KURTZ: At night, did you dig night defense positions?
ZIEN: Fighting holes.
KURTZ: Fighting holes?
ZIEN: Yeah, we dug fighting holes. We put up our ponchos and if was raining. But for the–
KURTZ: Were you resupplied at night typically, or did you carry your supplies in?
ZIEN: We carried our supplies. We were reconnaissance, search and destroy. Every few days they'd bring in choppers for food, C-rations, if I can recall. And I remember–
KURTZ: How often did you get changed, the uniforms?
ZIEN: Oh my gosh. Not very often. Oh boy, I'd have to say every couple weeks or something–
KURTZ: So if something tore or something like that, you were just stuck with it.

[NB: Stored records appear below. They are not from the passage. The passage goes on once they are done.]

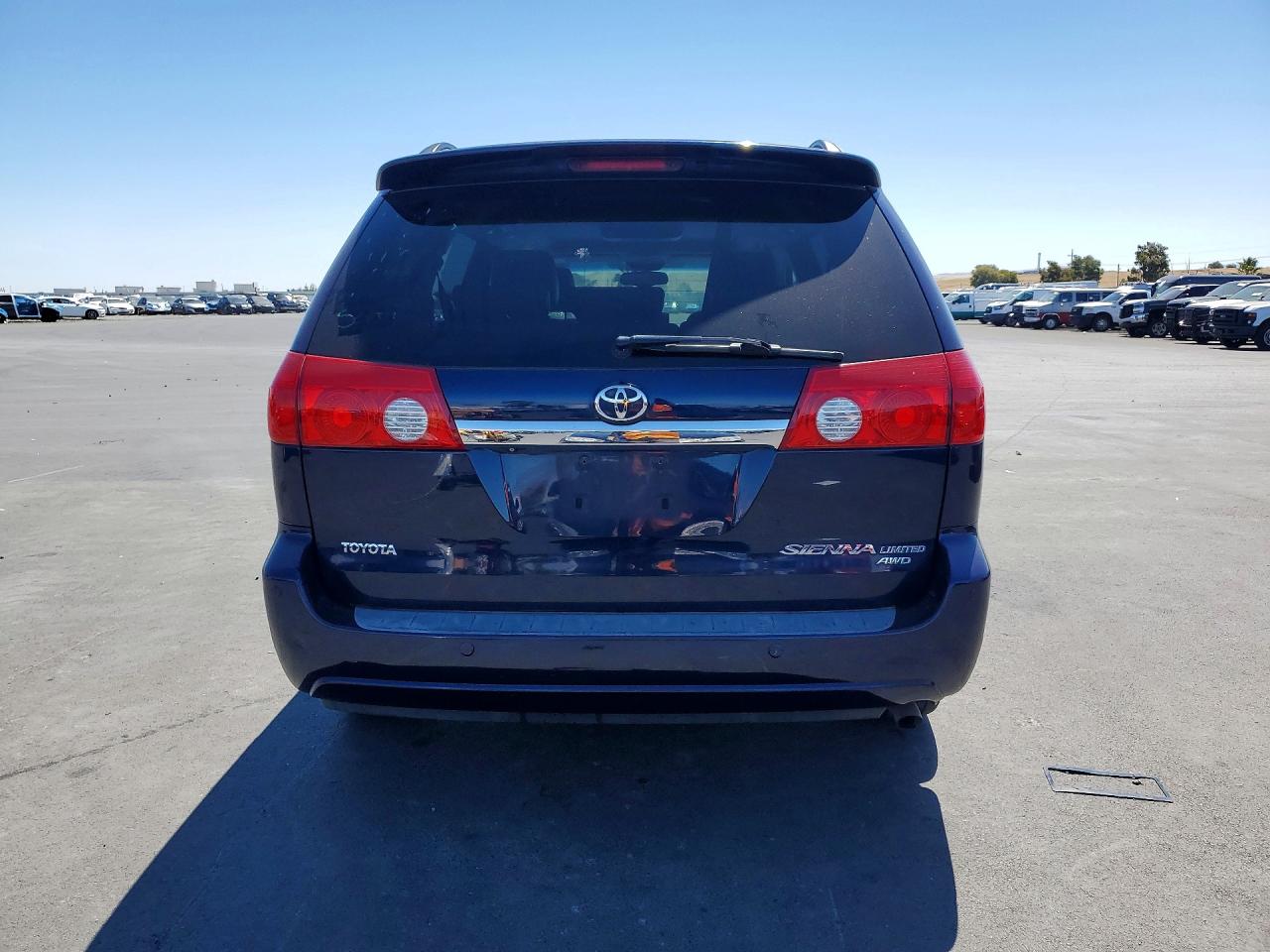 2006 Toyota Sienna Xle Limited 7 Passenger Blue vin: 5TDBA22C36S060711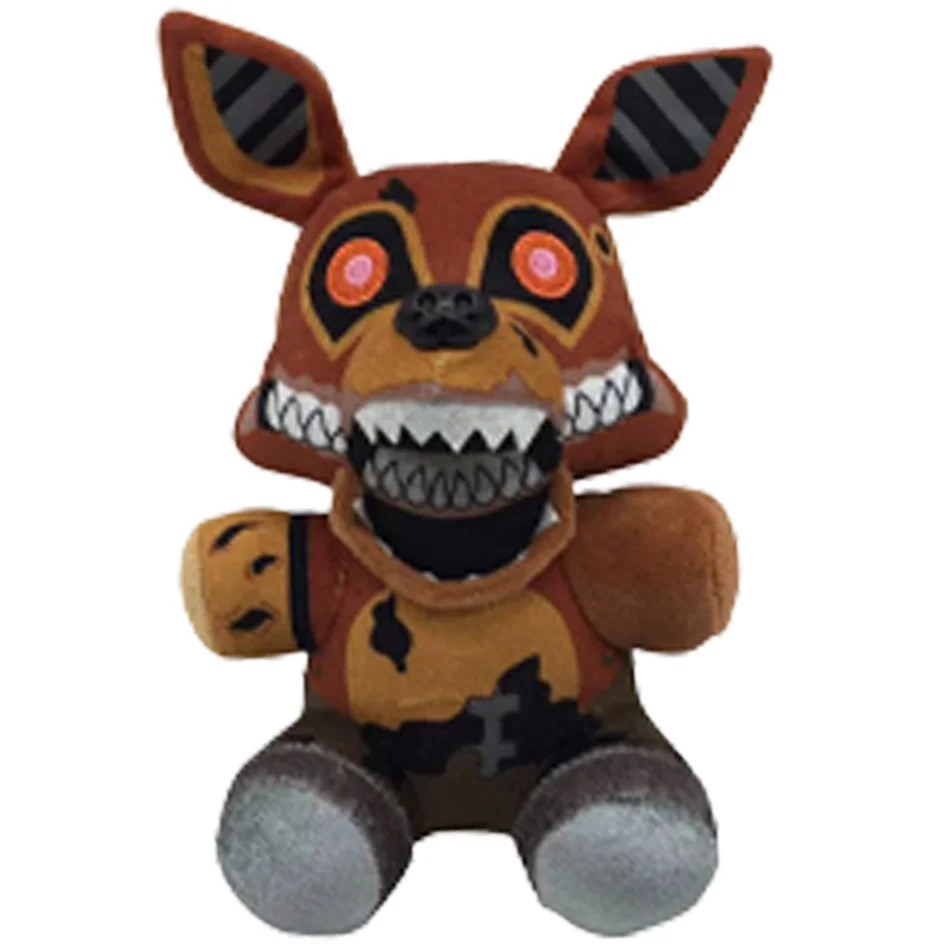 FNAF Plush Collection: Freddy, Foxy, Chica & Bonnie Stuffed Toy Doll - Perfect Kids Gift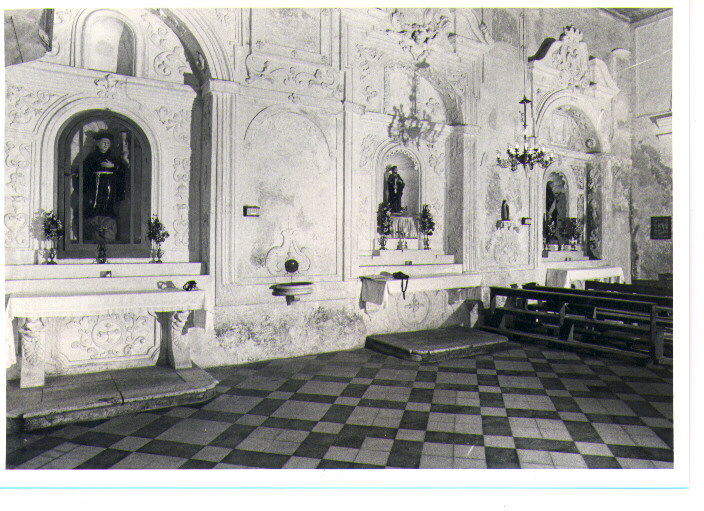 altare - a mensa - bottega Italia meridionale (metà sec. XVII)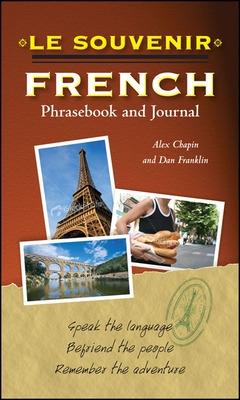 Book cover for Le souvenir French Phrasebook and Journal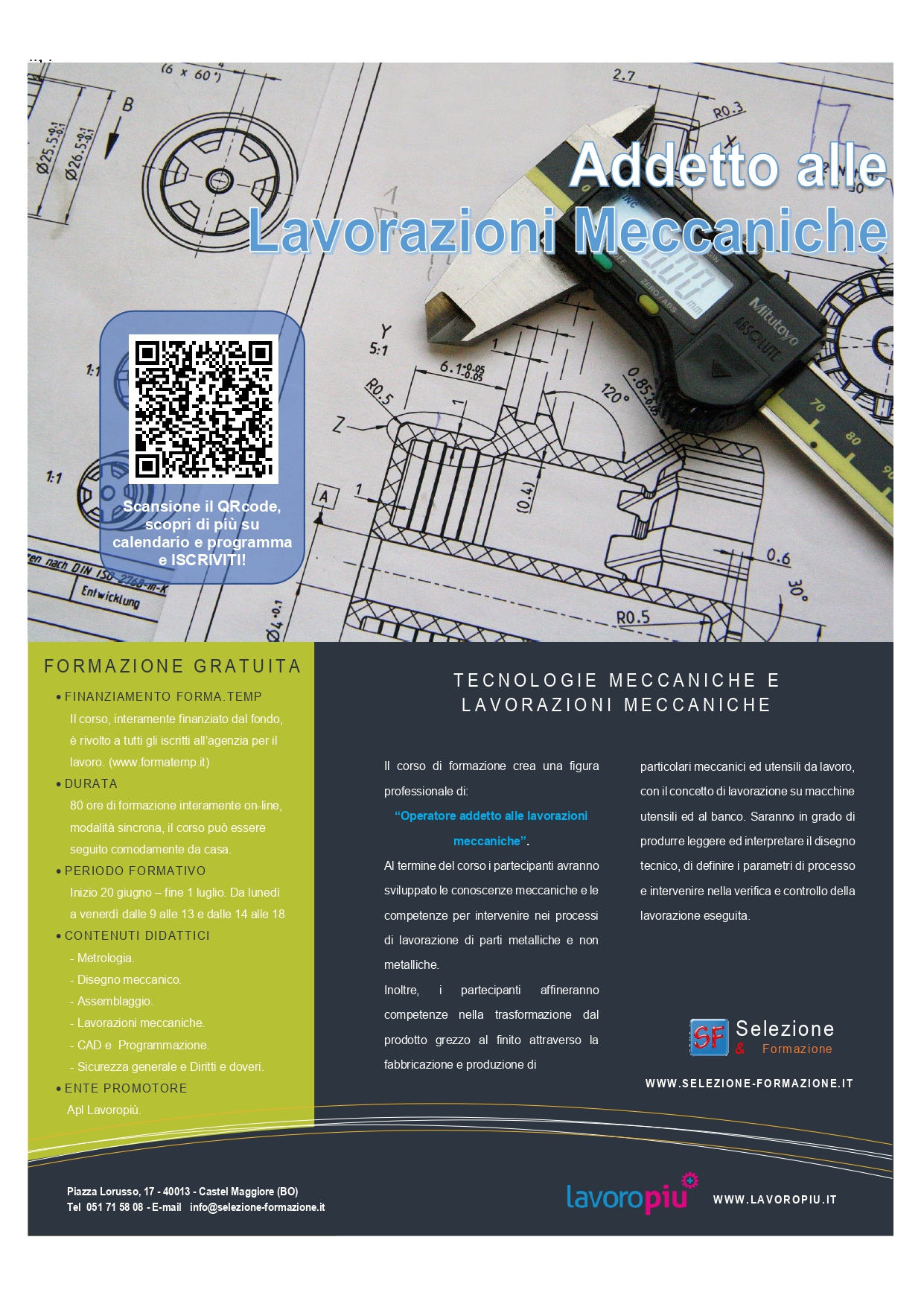Volantino tecnologie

ZIEN: Yeah, we had our own, we could sew our stuff. When we'd go into a stream or something, we would wash our own clothes. I remember one time I was point man, and we found this waterfalls and it was a beautiful, we took pictures, a couple of us took pictures. And then as my reward for being point man to find this waterfall, 'cause we had spent a couple hours there, cleaning, washing our clothes, and then, of course, they dried real fast in the heat, or we'd wear them wet. That felt good. But we took off and I was the last because my reward was, I didn't have to be point any more. And the new point man took a trail along this stream, you know, on both sides of the stream, there was trails. And I had forgotten my camera, you know, after all this work, I had taken pictures. So I ran back, you know, and got up the trail a couple hundred yards, I ran back and here's like, must've been 7 or 8 NVA [North Vietnam Army] regulars. They were, you know, I come around this corner into the clearing by the waterfalls and I was running because I want to get back to the unit, and [makes whooping noise] you know, here's, and they were going through our C-rations and stuff. They saw me, and at least 6, 8 of them. And I saw them at the same time and boy, they dove for cover, and I just wheeled around and ran like a chicken with his head cut off. I mean, they probably thought there was more of me than one. And I don't know how many of them there were, but I'll never forget that as long as I–
KURTZ: So you never got your camera back?
ZIEN: Absolutely not. And I wonder if somebody's got that camera. I want to see those pictures.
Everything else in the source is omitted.